= Meir Yechiel Halevi Halstock =

Hassidic rabbi

Meir Yechiel Halevi Halstock (1852-11 March 1928) also known as the Ostrovtser Rebbe was a Hassidic rabbi who spent much of his life based in the city of Ostrowiec Świętokrzyski.

== Early life ==
Halstock was born in Savin, near Kraków where his father and grandfather before him worked as bakers.
At the age of 10 he began to study with Rabbi Elimelech of Grodzisk.

At the age of 28 he was appointed the rabbi of Sakranovitz. Because of his youth the town requested that he get semicha from a number of specific rabbis including Josua Heschel Kuttner, who wrote "how can a fly with his wings cut off give testimony about an eagle that soars in the sky".

== Rabbi of Ostrowiec ==
Halstock was appointed the rabbi of Ostrowiec in south central Poland. He was extreme in his ascetic worldview. For the last 40 years of his life he would not eat through the day, and would only have a small meal at night. The exception to this was during Shabbat and the festivals.

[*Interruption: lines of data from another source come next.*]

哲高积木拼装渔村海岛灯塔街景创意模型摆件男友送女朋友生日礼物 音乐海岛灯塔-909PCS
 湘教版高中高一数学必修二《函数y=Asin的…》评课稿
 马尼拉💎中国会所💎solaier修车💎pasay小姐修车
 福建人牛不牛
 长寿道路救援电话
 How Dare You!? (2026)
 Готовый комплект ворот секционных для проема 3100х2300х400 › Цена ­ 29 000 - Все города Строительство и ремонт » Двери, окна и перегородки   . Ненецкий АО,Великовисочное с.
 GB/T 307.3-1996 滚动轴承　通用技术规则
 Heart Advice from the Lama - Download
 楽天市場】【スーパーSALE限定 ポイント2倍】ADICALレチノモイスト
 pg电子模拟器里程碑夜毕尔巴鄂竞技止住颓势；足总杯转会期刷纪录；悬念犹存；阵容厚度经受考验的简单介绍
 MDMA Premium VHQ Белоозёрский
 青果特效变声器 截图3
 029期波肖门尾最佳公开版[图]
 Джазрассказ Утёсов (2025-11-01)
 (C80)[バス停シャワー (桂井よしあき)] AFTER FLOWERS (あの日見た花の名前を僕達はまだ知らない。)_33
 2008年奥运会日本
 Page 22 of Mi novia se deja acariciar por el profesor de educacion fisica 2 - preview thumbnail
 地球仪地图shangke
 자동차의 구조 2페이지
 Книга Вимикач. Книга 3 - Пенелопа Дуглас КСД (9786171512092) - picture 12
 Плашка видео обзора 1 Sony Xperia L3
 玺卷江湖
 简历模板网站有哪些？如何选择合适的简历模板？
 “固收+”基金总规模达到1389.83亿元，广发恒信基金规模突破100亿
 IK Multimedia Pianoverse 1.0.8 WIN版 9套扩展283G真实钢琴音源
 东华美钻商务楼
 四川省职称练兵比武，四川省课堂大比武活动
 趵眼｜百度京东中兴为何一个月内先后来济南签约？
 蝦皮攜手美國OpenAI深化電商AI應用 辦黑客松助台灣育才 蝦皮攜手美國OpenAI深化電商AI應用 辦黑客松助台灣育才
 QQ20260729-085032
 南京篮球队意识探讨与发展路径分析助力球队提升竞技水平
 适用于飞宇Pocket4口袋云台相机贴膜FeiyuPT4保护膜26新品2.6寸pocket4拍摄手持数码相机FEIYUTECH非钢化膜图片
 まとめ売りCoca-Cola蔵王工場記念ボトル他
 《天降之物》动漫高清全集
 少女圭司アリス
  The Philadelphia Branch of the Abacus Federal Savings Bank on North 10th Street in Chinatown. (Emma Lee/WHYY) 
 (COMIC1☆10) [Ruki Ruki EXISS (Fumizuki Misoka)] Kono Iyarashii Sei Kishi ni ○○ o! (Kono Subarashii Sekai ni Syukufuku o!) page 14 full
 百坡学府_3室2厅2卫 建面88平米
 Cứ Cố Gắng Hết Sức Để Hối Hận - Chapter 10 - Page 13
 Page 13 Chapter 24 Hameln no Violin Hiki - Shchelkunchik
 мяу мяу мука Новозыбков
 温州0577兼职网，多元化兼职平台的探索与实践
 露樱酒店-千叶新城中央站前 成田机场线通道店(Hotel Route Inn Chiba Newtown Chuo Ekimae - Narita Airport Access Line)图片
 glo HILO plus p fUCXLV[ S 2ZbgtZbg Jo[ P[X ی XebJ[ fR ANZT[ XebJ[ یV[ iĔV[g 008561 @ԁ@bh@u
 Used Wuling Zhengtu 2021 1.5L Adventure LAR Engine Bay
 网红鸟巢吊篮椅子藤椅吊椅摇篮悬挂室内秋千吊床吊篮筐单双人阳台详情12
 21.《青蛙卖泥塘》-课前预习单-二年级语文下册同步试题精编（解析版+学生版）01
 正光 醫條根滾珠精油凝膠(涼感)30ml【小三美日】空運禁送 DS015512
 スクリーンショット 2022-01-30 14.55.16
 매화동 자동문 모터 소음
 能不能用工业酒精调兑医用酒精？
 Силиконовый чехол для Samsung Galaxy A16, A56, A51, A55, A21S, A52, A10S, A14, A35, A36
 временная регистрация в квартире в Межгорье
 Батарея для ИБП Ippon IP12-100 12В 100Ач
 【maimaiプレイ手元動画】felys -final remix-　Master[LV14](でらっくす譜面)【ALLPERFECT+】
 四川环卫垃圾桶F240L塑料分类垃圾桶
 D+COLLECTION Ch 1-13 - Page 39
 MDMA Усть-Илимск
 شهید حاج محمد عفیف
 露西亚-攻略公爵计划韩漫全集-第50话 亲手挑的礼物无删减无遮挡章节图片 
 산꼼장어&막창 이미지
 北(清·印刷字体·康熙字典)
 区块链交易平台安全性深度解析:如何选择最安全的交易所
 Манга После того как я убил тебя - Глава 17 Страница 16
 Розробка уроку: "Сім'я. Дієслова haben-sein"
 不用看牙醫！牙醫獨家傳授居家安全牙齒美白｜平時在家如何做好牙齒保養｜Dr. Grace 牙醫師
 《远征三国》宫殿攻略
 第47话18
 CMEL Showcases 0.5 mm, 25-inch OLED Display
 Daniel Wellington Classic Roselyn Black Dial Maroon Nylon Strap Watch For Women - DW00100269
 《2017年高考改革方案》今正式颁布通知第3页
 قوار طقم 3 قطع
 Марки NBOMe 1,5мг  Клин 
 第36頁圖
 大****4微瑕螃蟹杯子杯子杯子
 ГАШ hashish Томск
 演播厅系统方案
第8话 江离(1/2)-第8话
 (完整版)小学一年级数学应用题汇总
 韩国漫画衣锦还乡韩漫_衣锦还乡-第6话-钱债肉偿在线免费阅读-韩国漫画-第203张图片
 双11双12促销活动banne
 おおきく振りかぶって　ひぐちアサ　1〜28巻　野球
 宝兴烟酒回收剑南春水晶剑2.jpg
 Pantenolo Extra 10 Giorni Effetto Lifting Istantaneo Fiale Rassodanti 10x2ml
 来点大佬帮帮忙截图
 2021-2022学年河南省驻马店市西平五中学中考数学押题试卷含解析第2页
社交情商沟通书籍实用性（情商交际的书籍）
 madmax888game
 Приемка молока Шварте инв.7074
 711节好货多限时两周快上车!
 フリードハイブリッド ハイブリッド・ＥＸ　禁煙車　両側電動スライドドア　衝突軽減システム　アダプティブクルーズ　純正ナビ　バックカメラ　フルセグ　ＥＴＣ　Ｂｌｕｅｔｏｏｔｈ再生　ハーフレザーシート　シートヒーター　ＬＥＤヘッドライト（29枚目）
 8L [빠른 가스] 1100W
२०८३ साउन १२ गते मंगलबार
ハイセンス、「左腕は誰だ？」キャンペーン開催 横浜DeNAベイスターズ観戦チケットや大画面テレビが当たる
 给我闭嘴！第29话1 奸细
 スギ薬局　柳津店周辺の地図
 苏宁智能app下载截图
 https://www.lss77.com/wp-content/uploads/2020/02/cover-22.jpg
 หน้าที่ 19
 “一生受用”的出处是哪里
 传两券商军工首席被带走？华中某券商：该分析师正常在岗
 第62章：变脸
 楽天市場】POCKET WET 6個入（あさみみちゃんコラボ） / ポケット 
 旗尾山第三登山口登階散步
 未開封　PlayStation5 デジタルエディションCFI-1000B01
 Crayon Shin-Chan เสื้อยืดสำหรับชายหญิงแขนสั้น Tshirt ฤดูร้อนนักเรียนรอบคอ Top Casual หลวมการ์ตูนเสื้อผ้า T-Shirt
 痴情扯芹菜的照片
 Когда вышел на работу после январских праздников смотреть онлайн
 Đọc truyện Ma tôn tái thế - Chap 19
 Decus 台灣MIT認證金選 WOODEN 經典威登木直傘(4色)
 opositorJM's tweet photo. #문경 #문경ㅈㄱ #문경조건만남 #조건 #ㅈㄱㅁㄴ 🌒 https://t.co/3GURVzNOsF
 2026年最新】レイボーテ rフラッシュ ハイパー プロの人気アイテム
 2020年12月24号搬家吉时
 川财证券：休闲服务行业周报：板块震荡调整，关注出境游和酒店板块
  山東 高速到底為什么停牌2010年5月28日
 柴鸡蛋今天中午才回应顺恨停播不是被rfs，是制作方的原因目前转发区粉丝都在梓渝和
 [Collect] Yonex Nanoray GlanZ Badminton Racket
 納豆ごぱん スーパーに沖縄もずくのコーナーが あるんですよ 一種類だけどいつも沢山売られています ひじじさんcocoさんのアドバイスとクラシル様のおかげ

By the end of his life many of his organs had shut down because of the years of fasting, and he was left bed ridden and constantly cold.

Halstock used gematria (numerology based on the Hebrew alphabet) and mathematical formulas to explain passages in the Talmud.

He donated a portion of his wages to charities in Israel during the British Mandate for Palestine.

Following his death he was succeeded in his position by his son, Yehezkel, who was murdered by the Nazis.

== Desecration of grave ==
Halstock's grave has been desecrated a number of times by the local Polish community.

His grave was destroyed during the Holocaust and was rededicated by the surviving community after the war. In 2018 the grave was again desecrated by local vandals.